Parsing indentation sensitive languages

As of v17, Ohm has experimental support for indentation-sensitive languages. This will make it possible to write Ohm grammars for languages like Python and YAML. NOTE: as this is API is experimental, it is outside the scope of semver — which means that we may make breaking changes to the API without a change to Ohm's major version number.

Background

The Ohm language is based on parsing expression grammars (PEGs), and pure PEGs can't express indentation sensitivity. The usual trick is to pre-process the input and insert explicit indent and dedent tokens, then parse the modified output. While this works, it has a few downsides:

  • Error messages can be confusing, as they refer to the modified input rather than the original input
  • You can't use the "real" syntax in the Ohm Editor — your examples inputs need to be pre-processed
  • The preprocessing step is trickier than you might think!

For these reasons, we decided to add built-in support for indentation-sensitive languages.

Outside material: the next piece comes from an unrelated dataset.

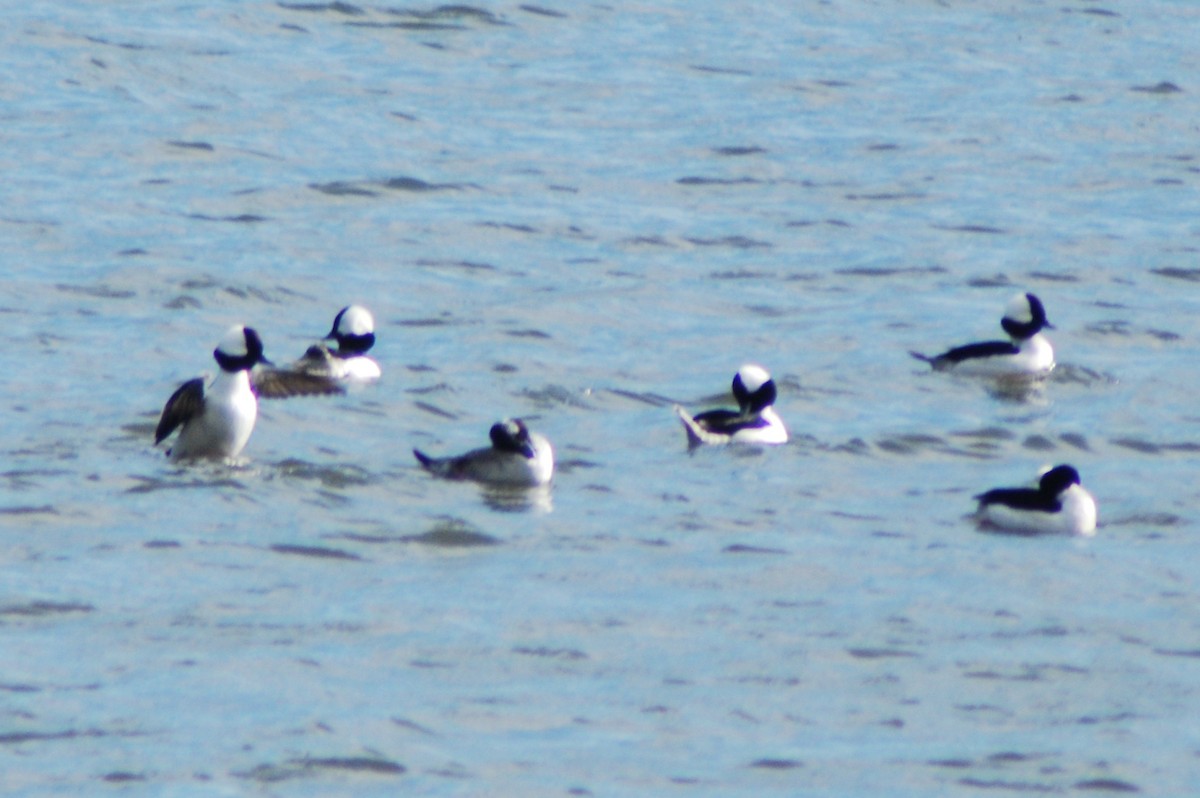 Bufflehead - ML25145601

Making indentation-sensitive grammars

To define an indentation-sensitive language, create a grammar that inherits from ExperimentalIndentationSensitive. For example, here is a grammar for language support nested lists of bullet points:

import * as ohm from 'ohm-js';

const outline = ohm.grammar(
String.raw`
Outline <: IndentationSensitive {
Items = Item+
Item = "-" label indent Items dedent -- withChildren
| "-" label -- leaf

label = (~newline any)* eol

eol = newline | end
newline = "\r\n" | "\r" | "\n"
spaces := (~newline space)*
}
`,
{IndentationSensitive: ohm.ExperimentalIndentationSensitive}
);

Implementation details

The indent and dedent rules are primitive rules defined by ExperimentalIndentationSensitive. You can think of them as special characters that automatically inserted at the appropriate points — except that they take up no width in the input stream. They are inserted immediately after the associated indentation characters at the beginning of the line. For example, here is some Python code, with comments indicating where the indents and dedents are inserted:

if col == 3:
if row == 4: # # <~~ indent at position 2 on this line
print("bingo") # <~~ indent at position 4
print("done") # <~~ dedent at position 2

There is also final dedent at the end of the input.

Examples

See examples/indentation-sensitive for an example you can experiment with.

Notes and open questions

  • The current implementation only works with spaces (not tabs). Among the indentation-sensitive languages (Python, YAML, Elm, etc.) there are small difference in what characters they allow and how they treat them. We probably want to make this customizable in some way.